The reverberation of her pulse deafened. Her mouth moved, signaling she was speaking. He couldn’t hear over the thud-thud of surging blood. His breath sawed through him, each inhale and exhale painful. He moved closer, drawn to her against his will.
The sudden lust for this woman was too much.
Lust? The emotion gave him a moment of lucidity. He’d found women attractive in the past, but he hadn’t truly lusted after anything in over a century. Not money, not sex, and surely not blood. He fed because he didn’t want to turn into a mindless monster. He shook his head and struggled for answers. Something wasn’t right.
There was only one thing—one person, rather—in the world who could create this false reaction within him.
Ronan MacHallen had found him. Fuck.
Sweat dripped down the nape of Bastian’s neck. Moisture pooled in the palms of his hands. Nothing on this planet reigned terror greater than his father. If only he had the strength to turn and leave. Alone he was no match for his creator. Shit, even with his brothers, Nolan and Rory, at his back they only stood half a chance.
Instinct had his police training kicking in. He scanned each side of the street, searching. Was Ronan watching him? If so, where was he hiding? Shadows moved within soggy cardboard shelters. Phantoms hovered in alcoves. The vagrants he made eye contact with curled farther into themselves as if they could disappear.
“Drink, Necromancer.” The words howled on the wind, ripped into his stomach, and settled deep.
“You lookin’ for a date?” The prostitute’s honey-sweet drawl overrode the pain of fighting the whispered command.
Unease swam through the sludge in his gut. He ignored it and, after a moment, looked away from the street. He felt his head bob up and down in a nod without his approval. As she neared, her head tilted back to accommodate the difference in their height. At six-foot-two most women looked up at him. When she met his blue gaze, her eyes widened with desire.
He knew what the hooker saw when she looked at him, and it wasn’t his black hair highlighted in sapphire streaks. The c
olor of his eyes, the angle of his jaw—hell, even the slant of his nose meant nothing. His bad-boy charm was the last thing on this woman’s mind. She took in his attire, blue jeans, fitted white T now see-through from the rain, and zeroed in on his expensive leather coat. The blackened blood had been washed away by the rain. The greedy gleam in her eyes said it all.
“Not here.” His voice was a deep rumble.
He jerked his head in the direction of an alley up ahead where busted-out streetlamps provided no light. Shadows cloaked the crevasse. He needed privacy, and not because he was bashful. If she were going to suck his cock, she could have dropped to her knees right there on the cracked sidewalk for all he cared. But that wasn’t what he was looking for.
The change was too far along for him to leech the blood from her skin with a touch like he did with all his other feedings. Tonight, he’d have to use his teeth. Tonight he would drink. Tonight he’d become the monster his father had always wanted him to be.
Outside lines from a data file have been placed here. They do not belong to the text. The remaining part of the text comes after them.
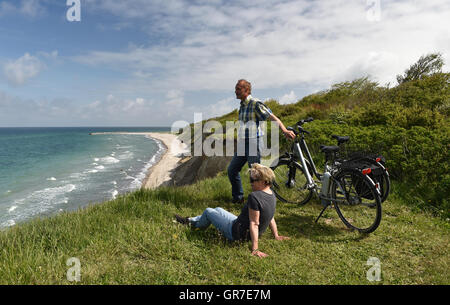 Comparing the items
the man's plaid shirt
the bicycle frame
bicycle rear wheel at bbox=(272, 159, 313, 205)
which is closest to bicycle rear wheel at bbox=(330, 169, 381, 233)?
the bicycle frame

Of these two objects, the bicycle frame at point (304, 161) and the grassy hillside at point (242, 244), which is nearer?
the grassy hillside at point (242, 244)

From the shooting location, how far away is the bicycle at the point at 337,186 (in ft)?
12.6

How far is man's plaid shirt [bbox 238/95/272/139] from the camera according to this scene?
4574mm

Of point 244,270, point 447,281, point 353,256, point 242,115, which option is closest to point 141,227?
point 244,270

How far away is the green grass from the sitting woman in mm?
187

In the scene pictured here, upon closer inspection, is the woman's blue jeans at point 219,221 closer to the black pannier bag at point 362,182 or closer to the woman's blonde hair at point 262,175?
the woman's blonde hair at point 262,175

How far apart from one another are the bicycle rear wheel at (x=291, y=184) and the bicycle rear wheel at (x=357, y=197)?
0.95 metres

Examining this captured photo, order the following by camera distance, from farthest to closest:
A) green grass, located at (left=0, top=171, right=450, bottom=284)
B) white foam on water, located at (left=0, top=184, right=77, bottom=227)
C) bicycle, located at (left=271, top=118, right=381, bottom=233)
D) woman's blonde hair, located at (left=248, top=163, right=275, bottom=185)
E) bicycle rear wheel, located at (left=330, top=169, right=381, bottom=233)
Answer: white foam on water, located at (left=0, top=184, right=77, bottom=227)
bicycle, located at (left=271, top=118, right=381, bottom=233)
bicycle rear wheel, located at (left=330, top=169, right=381, bottom=233)
woman's blonde hair, located at (left=248, top=163, right=275, bottom=185)
green grass, located at (left=0, top=171, right=450, bottom=284)

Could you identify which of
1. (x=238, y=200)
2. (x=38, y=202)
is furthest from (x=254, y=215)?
(x=38, y=202)

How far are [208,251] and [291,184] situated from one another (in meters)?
2.87

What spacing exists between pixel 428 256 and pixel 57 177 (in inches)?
Result: 1351

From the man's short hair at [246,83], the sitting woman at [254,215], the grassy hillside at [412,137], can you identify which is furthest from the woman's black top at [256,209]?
the grassy hillside at [412,137]

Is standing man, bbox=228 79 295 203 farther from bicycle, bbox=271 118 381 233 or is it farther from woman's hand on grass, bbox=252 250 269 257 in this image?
woman's hand on grass, bbox=252 250 269 257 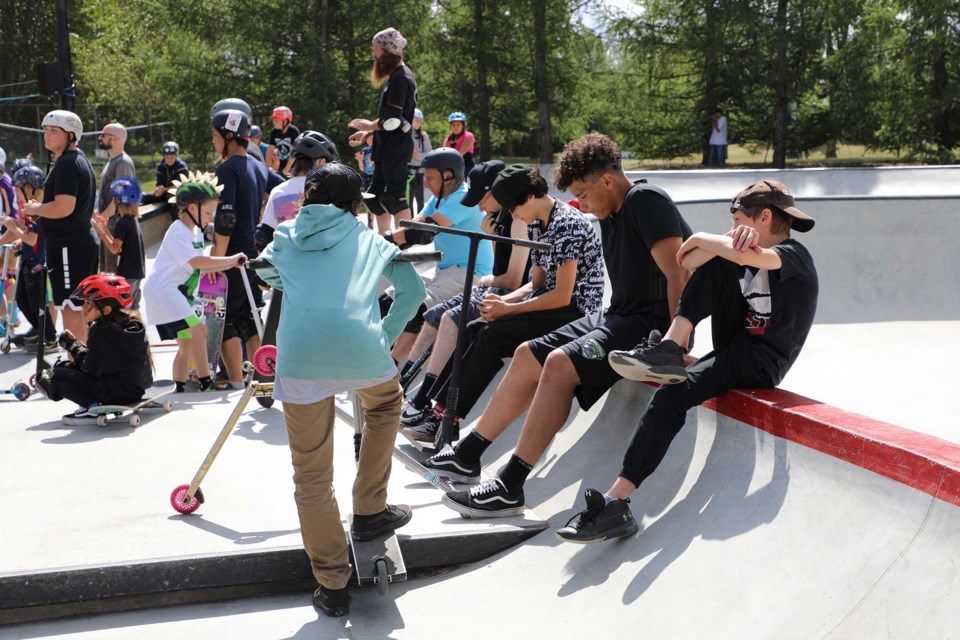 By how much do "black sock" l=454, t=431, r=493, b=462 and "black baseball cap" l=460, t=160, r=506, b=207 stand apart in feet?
6.01

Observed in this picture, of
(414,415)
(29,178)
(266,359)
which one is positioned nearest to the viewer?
(266,359)

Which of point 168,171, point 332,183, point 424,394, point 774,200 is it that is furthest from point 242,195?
point 168,171

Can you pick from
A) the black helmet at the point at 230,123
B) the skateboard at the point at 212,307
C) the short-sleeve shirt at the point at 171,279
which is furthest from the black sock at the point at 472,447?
the black helmet at the point at 230,123

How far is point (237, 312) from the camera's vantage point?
7402 mm

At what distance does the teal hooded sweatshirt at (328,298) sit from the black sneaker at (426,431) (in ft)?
6.25

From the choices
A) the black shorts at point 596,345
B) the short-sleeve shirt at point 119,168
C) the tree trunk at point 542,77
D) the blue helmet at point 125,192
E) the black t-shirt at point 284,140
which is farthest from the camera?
the tree trunk at point 542,77

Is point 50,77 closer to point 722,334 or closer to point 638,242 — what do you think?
point 638,242

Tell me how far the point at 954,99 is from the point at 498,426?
24.5m

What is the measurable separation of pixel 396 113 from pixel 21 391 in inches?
147

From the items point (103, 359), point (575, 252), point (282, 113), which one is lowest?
point (103, 359)

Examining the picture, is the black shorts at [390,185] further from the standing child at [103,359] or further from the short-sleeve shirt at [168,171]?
the short-sleeve shirt at [168,171]

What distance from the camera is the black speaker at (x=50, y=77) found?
47.6 ft

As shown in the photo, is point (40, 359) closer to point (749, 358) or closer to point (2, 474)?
point (2, 474)

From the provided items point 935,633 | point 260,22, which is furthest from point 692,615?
point 260,22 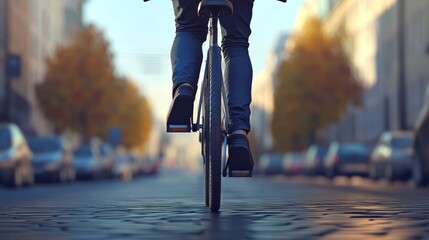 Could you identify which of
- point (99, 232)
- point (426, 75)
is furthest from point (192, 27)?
point (426, 75)

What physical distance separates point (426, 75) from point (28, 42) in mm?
31798

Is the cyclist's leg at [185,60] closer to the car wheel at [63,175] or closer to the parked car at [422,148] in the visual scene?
the parked car at [422,148]

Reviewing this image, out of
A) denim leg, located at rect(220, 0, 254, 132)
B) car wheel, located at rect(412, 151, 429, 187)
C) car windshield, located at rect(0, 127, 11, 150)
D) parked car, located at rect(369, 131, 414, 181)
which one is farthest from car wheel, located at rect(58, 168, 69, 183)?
denim leg, located at rect(220, 0, 254, 132)

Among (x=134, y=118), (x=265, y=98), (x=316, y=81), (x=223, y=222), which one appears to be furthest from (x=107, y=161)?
(x=265, y=98)

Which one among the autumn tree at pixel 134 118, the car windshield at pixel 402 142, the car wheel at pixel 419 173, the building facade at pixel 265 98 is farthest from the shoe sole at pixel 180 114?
the building facade at pixel 265 98

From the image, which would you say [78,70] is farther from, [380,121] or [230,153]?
[230,153]

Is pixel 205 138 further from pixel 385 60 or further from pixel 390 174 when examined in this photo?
pixel 385 60

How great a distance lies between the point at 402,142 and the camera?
31344 mm

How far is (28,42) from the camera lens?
76438 mm

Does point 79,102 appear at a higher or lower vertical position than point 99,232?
higher

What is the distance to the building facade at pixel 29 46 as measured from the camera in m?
67.8

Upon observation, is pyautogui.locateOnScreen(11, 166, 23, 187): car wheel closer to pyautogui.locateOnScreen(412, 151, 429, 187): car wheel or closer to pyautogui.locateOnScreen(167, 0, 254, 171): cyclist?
pyautogui.locateOnScreen(412, 151, 429, 187): car wheel

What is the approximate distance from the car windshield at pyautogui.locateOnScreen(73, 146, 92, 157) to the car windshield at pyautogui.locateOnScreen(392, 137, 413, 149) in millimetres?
15959

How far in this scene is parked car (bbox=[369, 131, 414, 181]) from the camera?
30.7 m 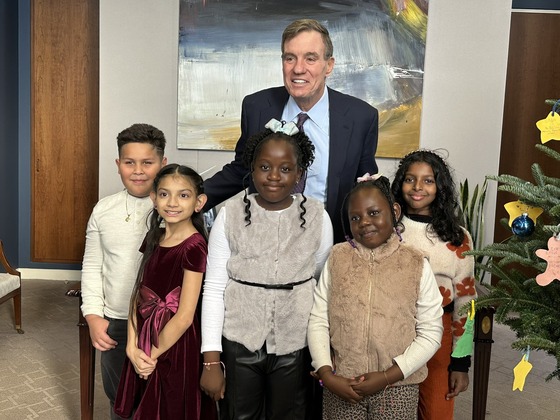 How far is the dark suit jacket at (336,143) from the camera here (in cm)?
221

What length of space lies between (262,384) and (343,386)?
0.27 m

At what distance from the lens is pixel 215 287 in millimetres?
1847

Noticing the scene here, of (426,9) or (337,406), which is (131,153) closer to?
(337,406)

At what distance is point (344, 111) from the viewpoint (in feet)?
7.37

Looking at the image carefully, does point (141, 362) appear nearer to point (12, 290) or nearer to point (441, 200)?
point (441, 200)

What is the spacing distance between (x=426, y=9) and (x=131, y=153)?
3266mm

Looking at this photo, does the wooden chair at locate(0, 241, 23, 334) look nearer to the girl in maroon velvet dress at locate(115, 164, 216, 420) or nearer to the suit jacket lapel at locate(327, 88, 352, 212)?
the girl in maroon velvet dress at locate(115, 164, 216, 420)

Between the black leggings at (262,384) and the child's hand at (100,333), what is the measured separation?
19.0 inches

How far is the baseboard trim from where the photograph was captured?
17.9 ft

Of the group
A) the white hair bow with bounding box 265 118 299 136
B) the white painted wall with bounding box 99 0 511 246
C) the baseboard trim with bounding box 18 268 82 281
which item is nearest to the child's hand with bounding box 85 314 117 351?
the white hair bow with bounding box 265 118 299 136

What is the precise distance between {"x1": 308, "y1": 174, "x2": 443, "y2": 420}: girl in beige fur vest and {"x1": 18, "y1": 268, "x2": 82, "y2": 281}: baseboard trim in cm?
415

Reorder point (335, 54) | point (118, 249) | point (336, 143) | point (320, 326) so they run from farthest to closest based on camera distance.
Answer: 1. point (335, 54)
2. point (336, 143)
3. point (118, 249)
4. point (320, 326)

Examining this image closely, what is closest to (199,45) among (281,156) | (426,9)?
(426,9)

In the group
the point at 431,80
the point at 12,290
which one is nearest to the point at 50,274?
the point at 12,290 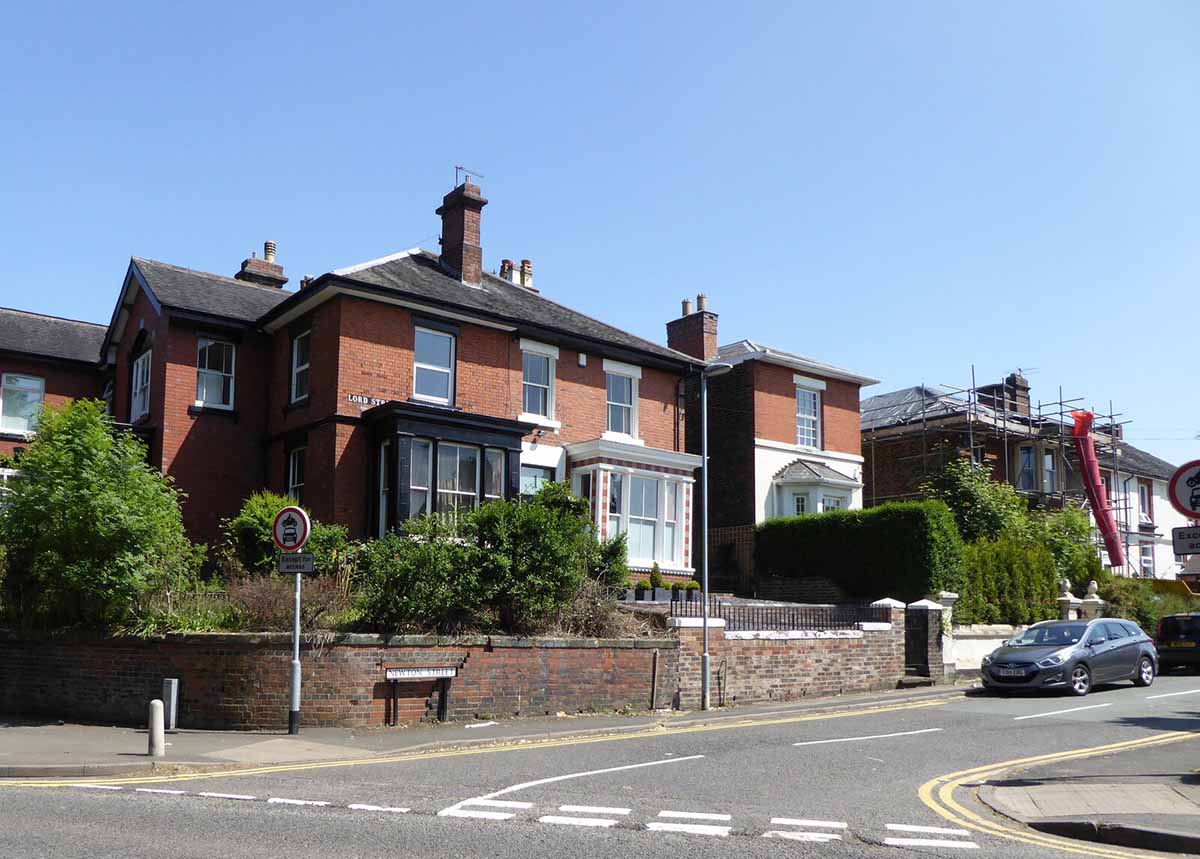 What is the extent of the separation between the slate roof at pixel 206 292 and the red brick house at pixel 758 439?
12.2m

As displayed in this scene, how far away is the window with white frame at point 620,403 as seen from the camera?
28.4 meters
“You ain’t a cop, are you?” she asked.
“No,” he lied smoothly.
She led the way, no hesitance in her stride. Blue lightning flared above, an ominous warning. Below, the ground trembled. The scent of rancid garbage stung his nose. The spine-tingling energy lifting the hairs on his arms had less to do with the electricity in the air and more to do with the proximity of the man who had returned to control him like a puppet. Rage uncoiled from the pit of his stomach.
A mangy black cat yowled and twined between his legs. Based on the foul, oddly sweet odor, he knew the feline was dead. Someone, himself, his father, or maybe even Morgan, had called the creature from its grave. Bastian pressed deeper into the alley. Once fully concealed between the two buildings, his quarry leaned her back against the redbrick building and looked up at him. She pushed out her breasts and ran a hand down the center of her body.
“I’ll suck your dick for a hundred bucks. If you wanna fuck, that’ll be an extra hundred and fifty. I ain’t cheap.”